Why does javac use "invokespecial" for diamond inheritance?

Maurizio Cimadamore maurizio.cimadamore at oracle.com
Mon Oct 3 14:30:37 UTC 2016

I had the same reaction as Remi when first reading this thread. In 
principle, yes, replacing invokespecial with invokevirtual can cause 
bridge calls to go up and down the hierarchy and has more potential for 
generating infinite loops. That said, I have not been able to come up 
with a reasonable test case that would introduce an infinite loop should 
javac implement the proposed change.

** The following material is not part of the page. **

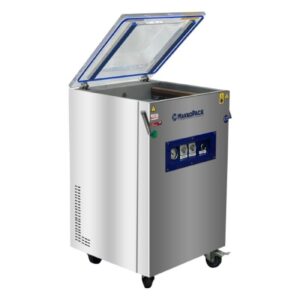 MakroPack MP-410 T2/ A Vakum Makinesi Çift Çene 41 Cm 20m3/H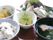 和食の一例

While 6996415 is definitively 
related, I believe that the loop in that example is started by a bad 
descriptor ending up in the explicit supercall (see bug evaluation) 
rather than by a problem between invokevirtual vs. invokespecial.

I also note that ECJ already generates an invokevirtual in the reported 
example. Again, I could not find any clue of a bridge-related loop that 
shows up in ECJ but not in javac (but I'd be happy to know if something 
like that exists),.

So, maybe it's a safe move after all?


On 03/10/16 14:42, Remi Forax wrote:
> Hi Rafael,
> it's not a binary compatible change.
> if the compiler emits an invokevirtual instead of an invokespecial, 
> you can create an infinite loop between the bridges
> https://bugs.openjdk.java.net/browse/JDK-6996415
> Rémi
> ------------------------------------------------------------------------
>     *De: *"Rafael Winterhalter" <rafael.wth at gmail.com>
>     *À: *compiler-dev at openjdk.java.net
>     *Envoyé: *Lundi 3 Octobre 2016 12:13:29
>     *Objet: *Why does javac use "invokespecial" for diamond inheritance?
>     I am wondering why javac is using an invokespecial instruction for
>     a bridge method in the following case. Considering the following
>     refactoring starting from:
>     class A {
>       public void m(String s) {
>         System.out.println("foo");
>       }
>     }
>     class B extends A { }
>     class C extends B {
>       public void m(String s) {
>         System.out.println("bar");
>       }
>     }
>     I would change the implementing of B to implement an additional
>     interface:
>     interface I<T> {
>       void m(T t);
>     }
>     class B extends A implements I<String> { }
>     C would live in its own module that is not recompiled upon
>     changing B. I do however not consider this a problem as the change
>     of B is binary compatible. However, B ends up with the following
>     bridge method:
>     class B extends A implements I<String> {
>       public bridge void m(Object o) {
>         Foo.special.m((String) o);
>       }
>     }
>     If a program does now invoke I::m on an instance of C, "foo" is
>     printed instead of "bar". This violates the intended virtual
>     dispatch for C. In my opinion, this should not happen. Bridge
>     methods, unless "visibility bridges" should always use
>     invokevirtual as an override in C, should make it impossible to
>     invoke A::m directly from outside the class.
>     Did I miss something here or is this a bug?